100 Years of Remembrance, 1918-2018
“The bullets on the battlefields...did not discriminate between the Sikhs, Muslims, Hindus, Christians, Jews and others. One hundred years later, we honour those who fought together by remembering them together.” Rabbi Laura Janner Klausner
As most of you will have realised, 2018 is a hugely significant year for Remembrance. It’s significant not just in the UK, but also worldwide - from France, Germany, Italy and Austria, all the way to Russia, Turkey and India. This is because November 2018 marks exactly 100 years since the end of the First World War.
Remembrance is not a word we use every day. In everyday life, we might say we 'remember' something like a friend's birthday, or an experience we enjoyed. An old toy, a theatre programme, or clothes that are now too small for us may bring back memories of the past. But 'Remembrance' suggests something more important - a significant experience that can be shared. In 2009, the last surviving combat soldier of the First World War, a British man named Harry Patch, passed away at the age of 111. In the absence of any remaining First World War veterans, Remembrance is a way of keeping the memories of Harry Patch, and the millions who fought alongside him, alive and ensuring that their sacrifices are never forgotten.
All week, students in Years 7 through 13 have been receiving special assemblies to mark the Armistice centenary. This year, the focus of the assemblies has been on giving our thanks to all of those who contributed and recognising the diversity of the soldiers who fought and died in this conflict. During the First World War, white British troops fought alongside soldiers of all different colours and creeds. This included over a million Indian soldiers, 400,000 of whom were Muslim soldiers from present-day Pakistan. In fact, due to the diversity of the soldiers fighting on the front line, it has been said that the armies of 1914-18 looked more like the Britain of 2018 than that of its day.
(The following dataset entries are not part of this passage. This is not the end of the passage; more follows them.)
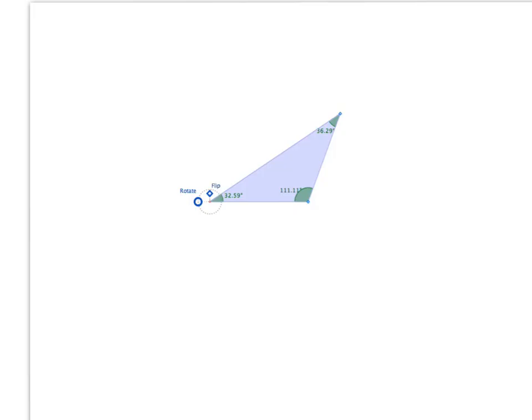Picture this triangle here, and what would happen to it if I doubled the size of each of the sides — double this side, double this side, double this side. What would the triangle look like? Would it change shape? Would the angles change? Try and picture that now.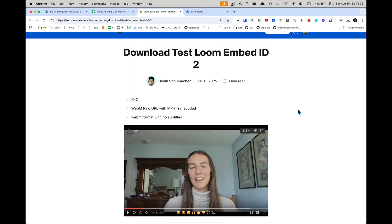All right, in this video I'm going to show you how to download Loom videos that are embedded on a web page so that you can view them offline and locally.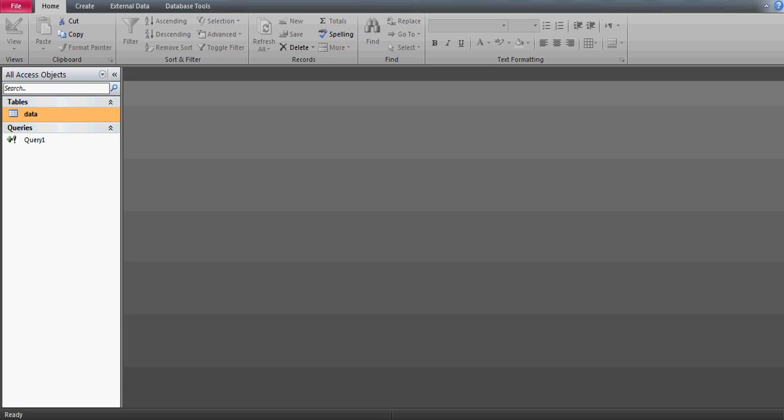Hi guys, good morning. In this video we'll talk about MS Access database and we'll try to learn the functionalities which are used in Access tables. Before I start, I'd just like to take a moment.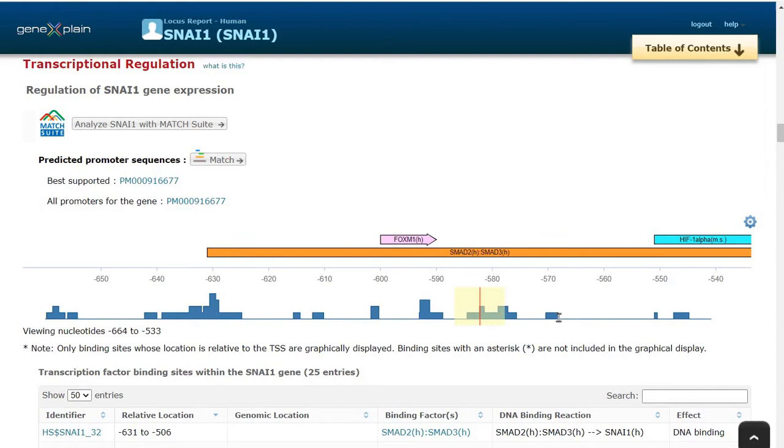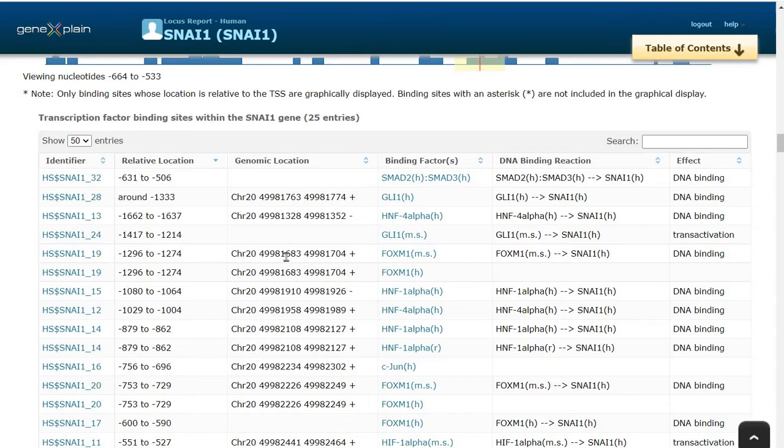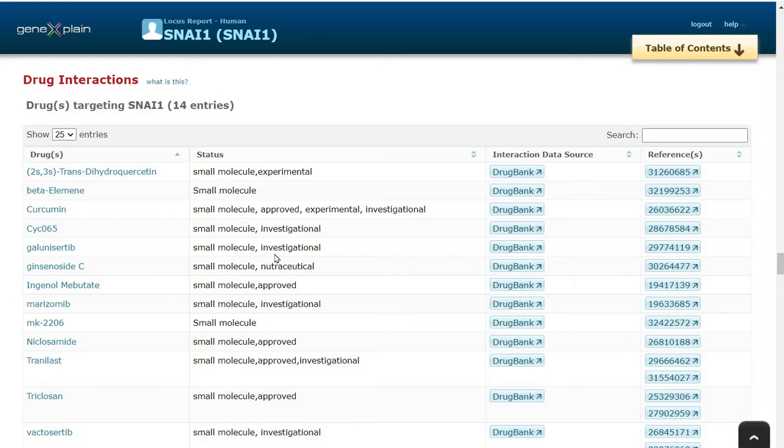The same information is available in the tabulated form, including the position within the chromosome. We can click and learn more about each transcription factor by the clickable link.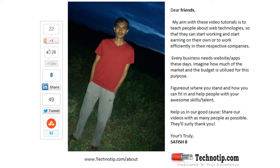Also please pass this video on to your friends on Facebook, Google+, LinkedIn, Twitter, etc. Stay subscribed to our blog technotip.com and please like this video on YouTube. Thank you.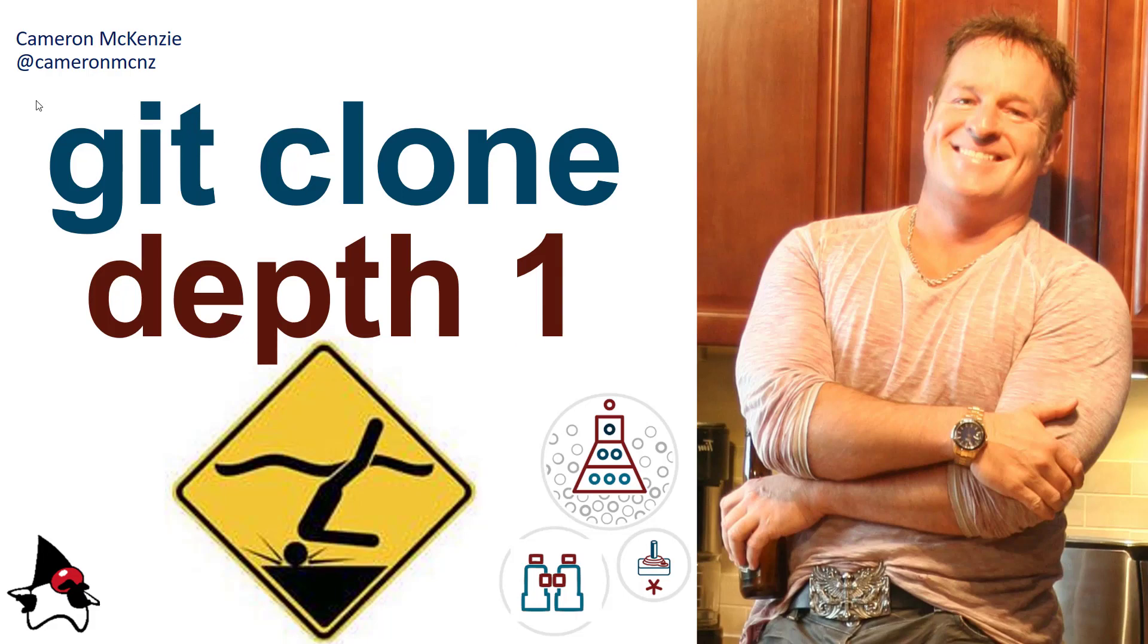Hey, I'm Cameron McKenzie. I'm the editor-in-chief over at TheServerSide.com and you can follow me on Twitter at CameronMCNZ. I want to talk to you about doing a git clone with a depth of one.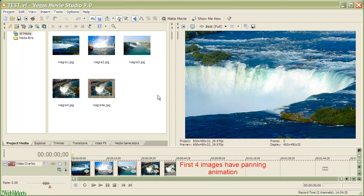Here are 5 still images and all except the last one have panning effect which make them appear animated. The timeline marker is at the beginning which is also the beginning of the first image.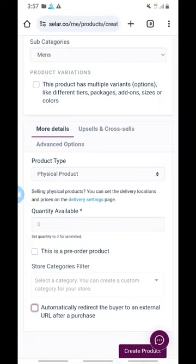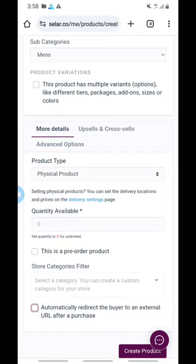Once you have listed it, anybody that orders and pays for the product will be redirected straight to your WhatsApp. You collect their details, their location, wherever they are, and then discuss how to deliver. This is how you can upload and list your product on Seller and make money. If you got value from this video, kindly like, subscribe, and turn on the notification bell. Drop any questions in the comment section and I'll see you in my next video.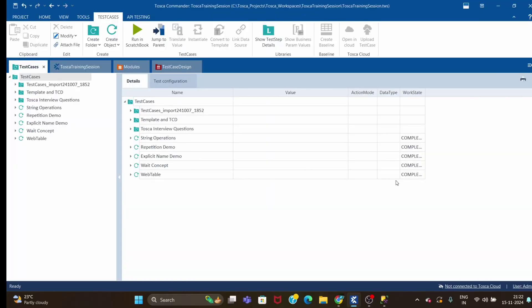Hi guys, welcome back. Today we will see one important topic: how to work with the database using Tosca. I will take the example of a database called SQL Server. We'll see step by step what steps are required to connect to the database and how we manipulate the database.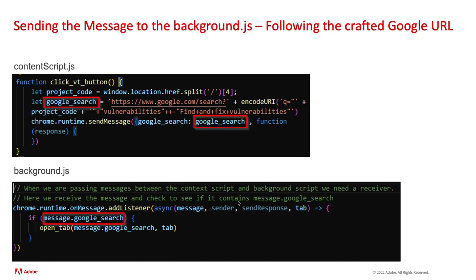When I get a message, I want you to check to see if the message has anything for Google search. And if it does, I want to open a new tab. And that open tab is another little function that we created just to quickly open up a tab through the Google Chrome APIs.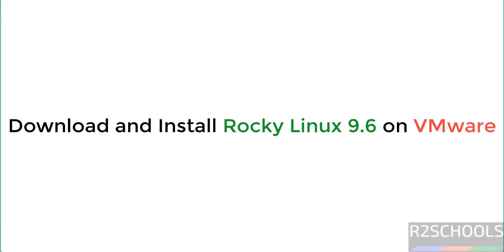Hello guys, in this video we will see how to download and install Rocky Linux 9.6 on VMware Workstation.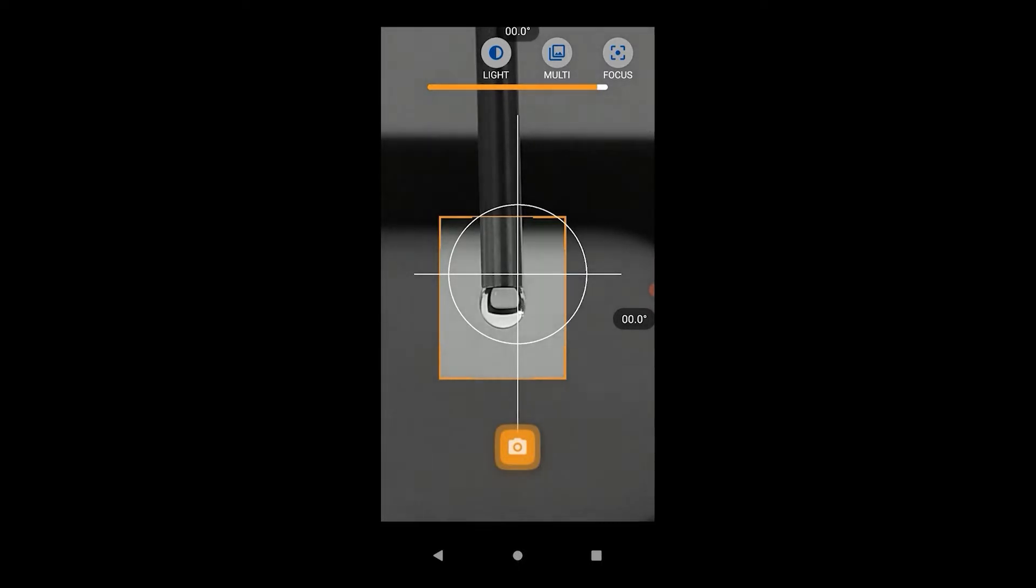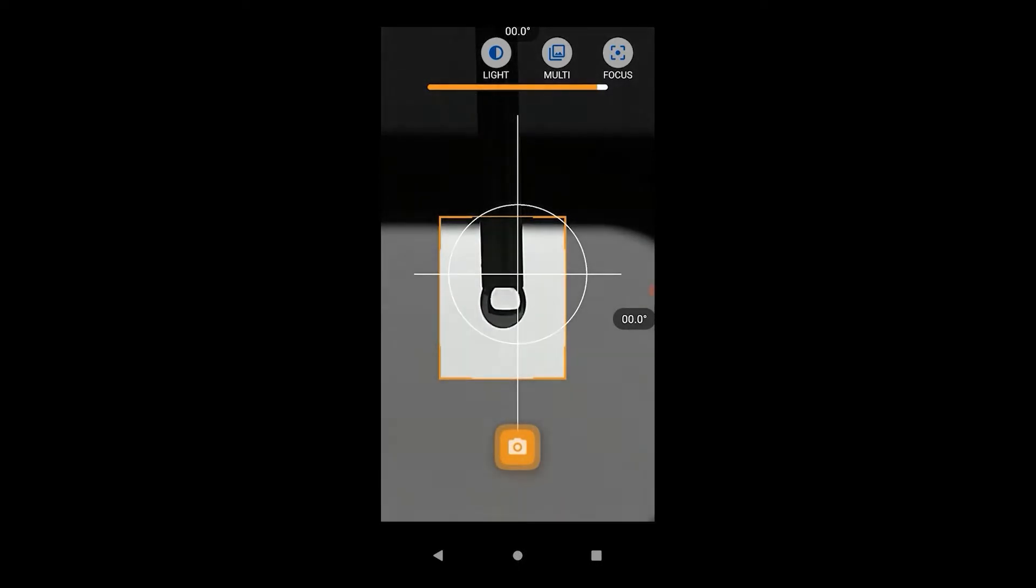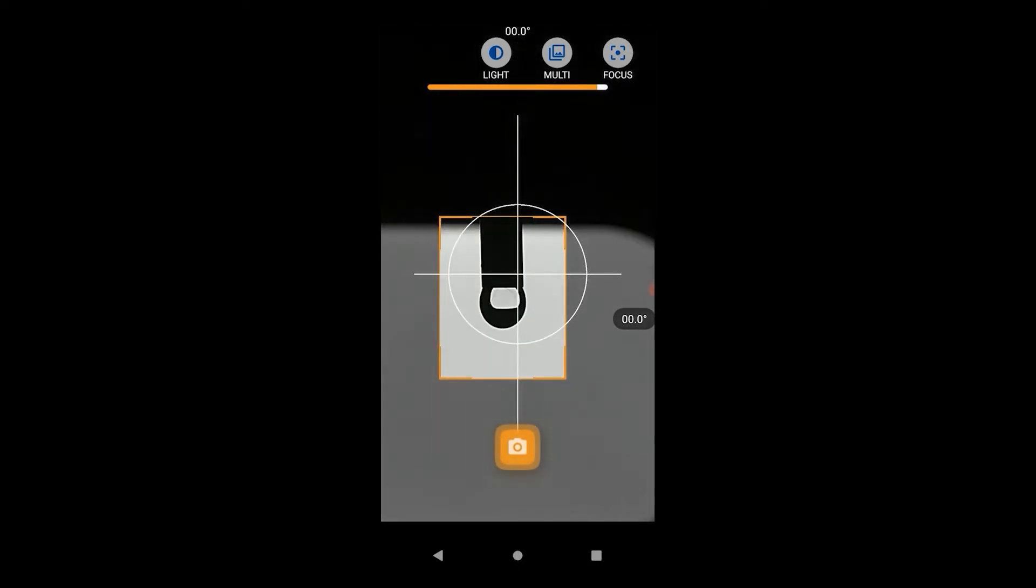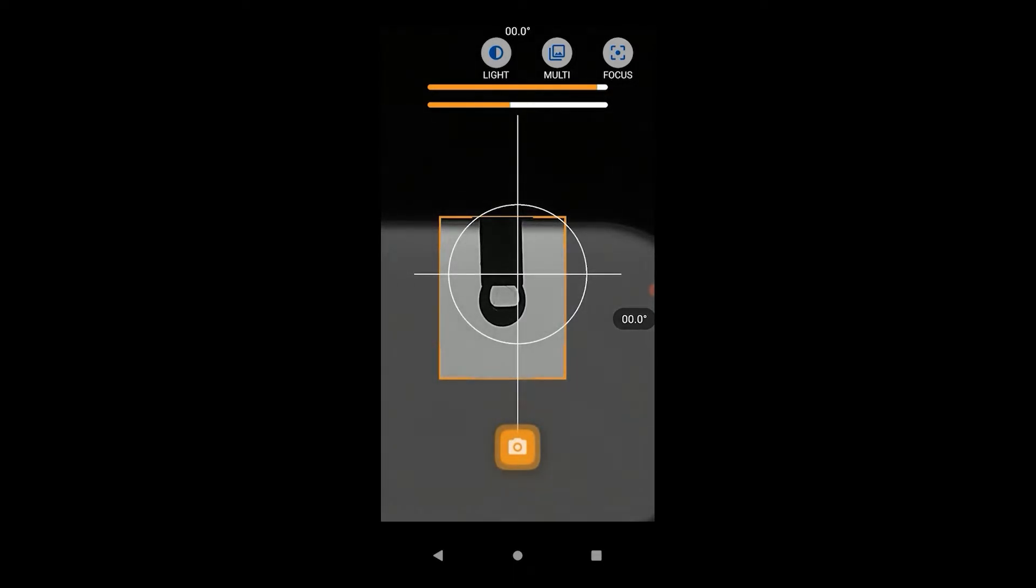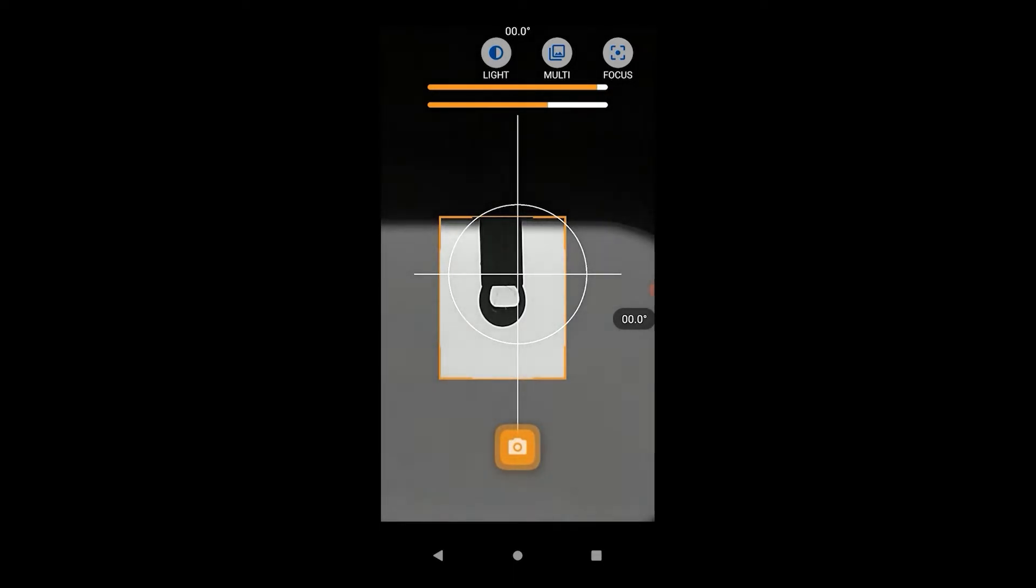The aim is to be as close to the droplet as possible without losing focus. Adjust the LED backlight and the phone's light to get the best possible contrast between the droplet and the background.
A 17-year-old soldier from the Caribbean remarked that despite the racist attitudes of the early 1900s "when the battle started, it didn't make a difference. We were all the same. When you were there, you didn't care about anything. Every man was there under the rifle."
It is impossible to say exactly what the consequences would have been had the First World War never occurred, or the allies not been victorious, but our lives today would be very different if it wasn’t for the people who fought and lived through the First World War. To mark 100 years since the end of the First World War, The Royal British Legion have been leading a national movement to say ‘Thank You’ to the entire generation who lived through the war. To support this, all students and staff at STAGS have been writing messages of thanks and Remembrance on poppies, which are now part of a special display in main reception area.